Quais os avanços conquistados no ensino da
matemática? Quais mudanças são necessárias para atender as exigências do mundo
atual?
Quando comparo a
forma que se ensinava matemática quando eu era estudante e agora percebo uma
diferença tremenda. Atualmente somos muito mais eficientes, os professores são
mais dedicados e fazem constantes cursos de formação para se atualizarem. Acho
que os alunos devem ter uma visão mais distanciada da matemática, não estarem
tão imersos em cálculos e tentar ter uma perspectiva mais abrangente. Muitos
não concordam comigo porque que estamos perdendo um pouco este lado exato e
objetivo da matemática, mas por outro lado ganhamos.
Qual é a história do Programa Isto é Matemática?

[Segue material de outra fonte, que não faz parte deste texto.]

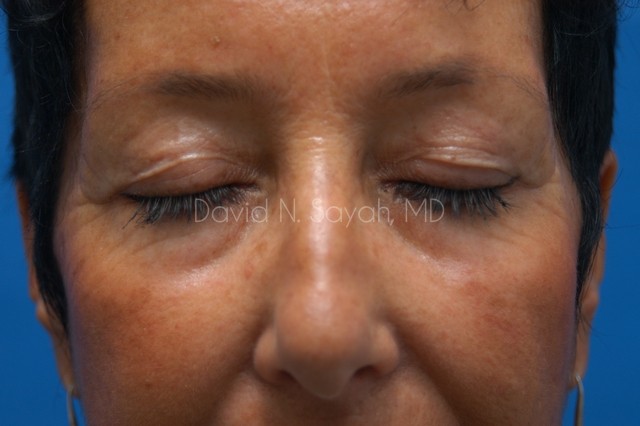 Eyelid Surgery Before and After | Sayah Institute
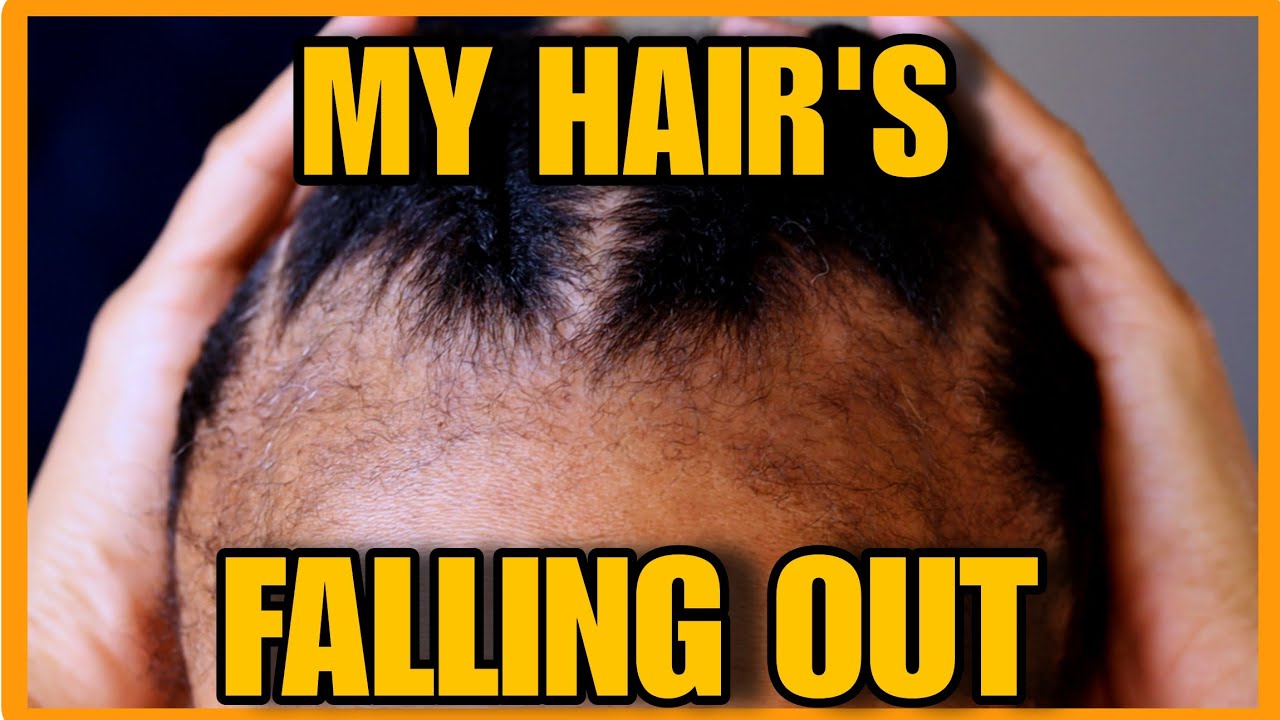 Losing My Hair After Giving Birth | My Raw Postpartum Hair Journey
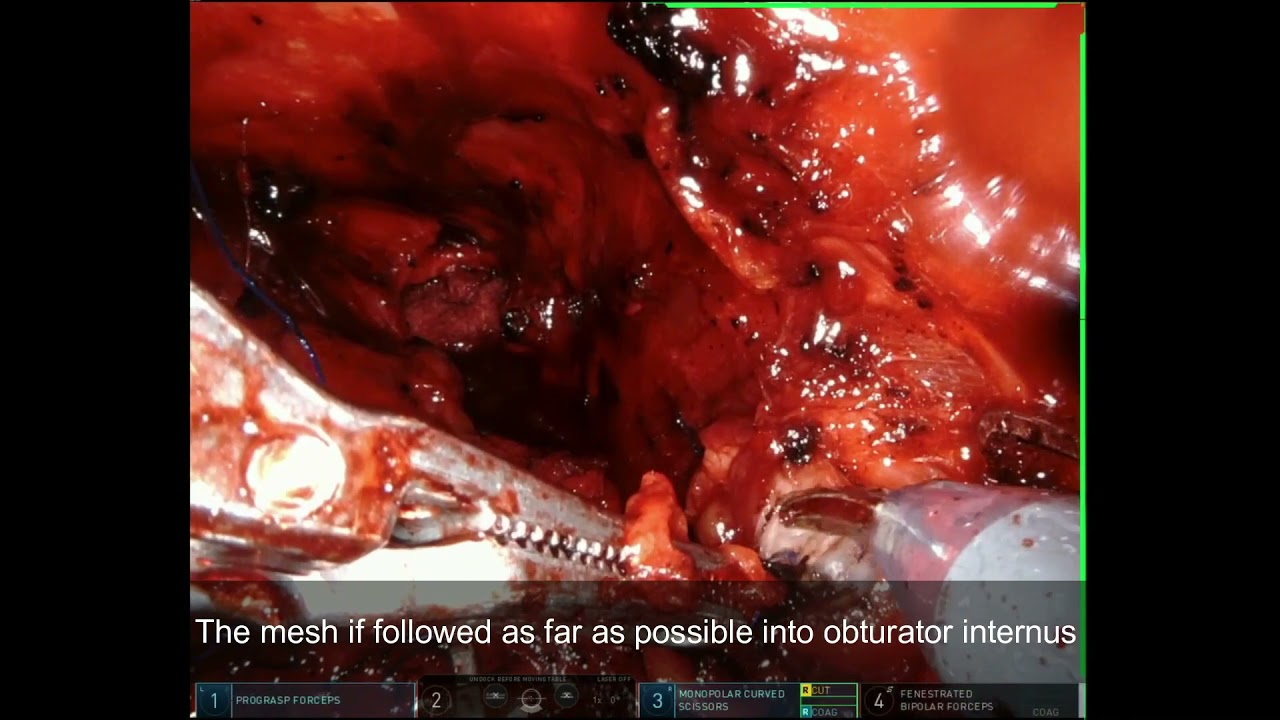 ICS 2021 Abstract #575 Robot-assisted removal of incorrectly positioned retropubic tension-free vaginal tape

Como surgiu? Quantos episódios? Como eram escolhidos os temas? Qual foi a
repercussão? Quais as conseqüências do programa em sua vida profissional?
A história é
longa. O programa começou com o professor Nuno Crato que mais tarde foi nomeado
para Ministro da Educação de Portugal. Foram 11 temporadas de 13 episódios
cada. Eu escolho 99% dos temas e o critério que uso é encontrar algo que seja
interessante para os cidadãos comuns e pequenas ideias que podem ser apreciadas
por pessoas que não tem formação específica na área. A repercussão foi razoável,
superou expectativas. Conquistamos uma fatia do público que não gostava de
matemática. Na minha vida profissional passei 15 anos como cientista e tive que
me preocupar mais com a comunicação de ciência.

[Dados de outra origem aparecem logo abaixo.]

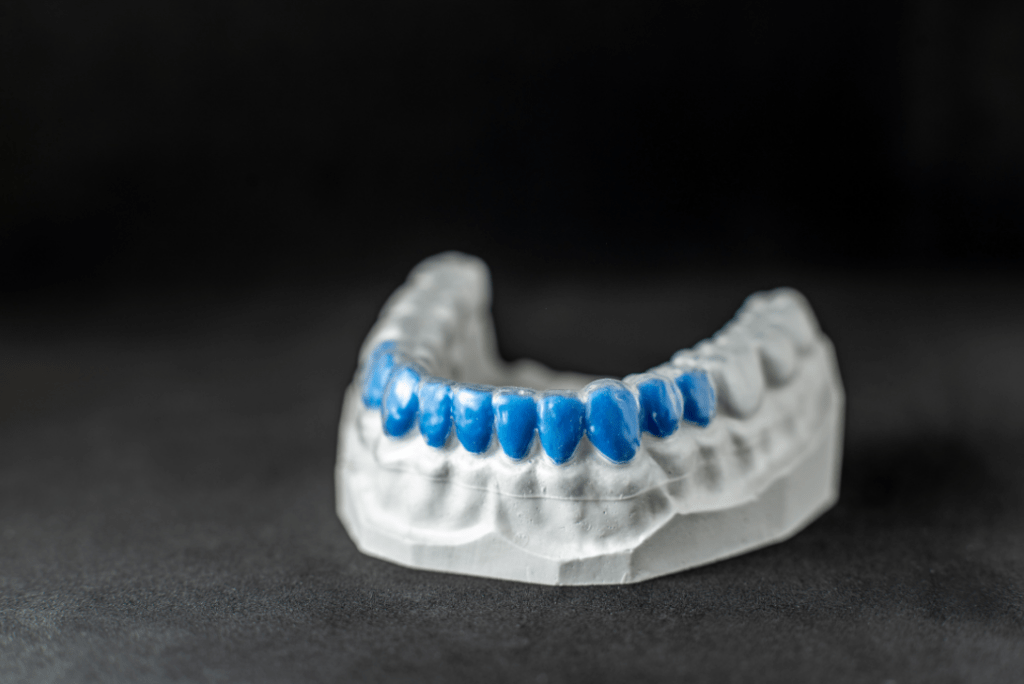 dental caps - Markham dentists by 7 Days Dental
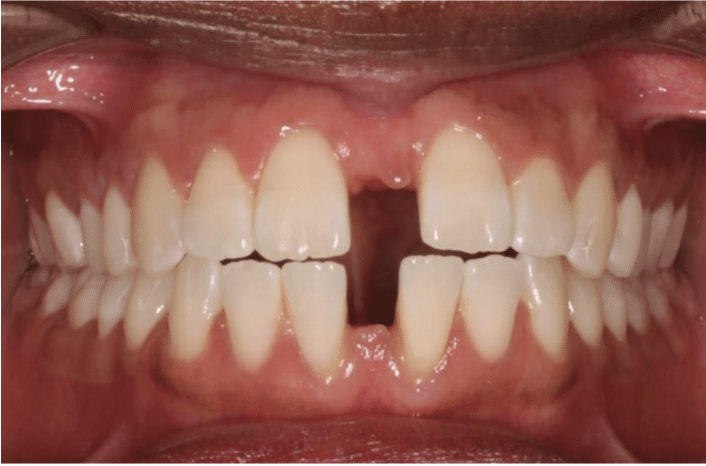 Comprehensive spacing – Patient 2 before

O programa é dinâmico, gravado em lugares e prédios
encantadores e precisa passar o conteúdo matemático de forma rápida. Quais as
experiências mais interessantes que este programa lhe proporcionou?
São tantas. Cada
programa tem uma história. Gravamos na rua e as pessoas interagiram. Fomos os
aos bastidores de um cassino, subimos os pilares de uma ponte de Lisboa e estivemos
em bancos.
Por que você se dispôs a fazer uma palestra gratuita
em Criciúma? Quais suas expectativas em relação ao público?
Todas as
palestras que vou realizar no Brasil, eu não vou cobrar, porque é uma
oportunidade de mostrar meu trabalho. Na verdade, todos os custos das minhas
viagens estão sendo pagos pelas organizações. É um prazer poder conhecer, neste
caso, o sul do Brasil. Sinto grande prazer de ter contato direto com o público.
Minhas expectativas são altas e espero que quem se dispor a ouvir a palestra se
divirta e que goste de fato.
Fale o pouco mais sobre as experiências e
reflexões que o levaram a ter como lema que “é melhor gostares do que fazes do
que fazeres o que gostas”.
Este é um
pouco me lema de vida. Não pretendo desmotivar as pessoas a perseguirem seus
sonhos. A maior parte das coisas acontece por acaso, são pequenas coincidências
que mudam completamente nossa vida e é importante que aprendamos a apreciar
esses futuros que ela nos dá. Qualquer atividade tem um lado agradável.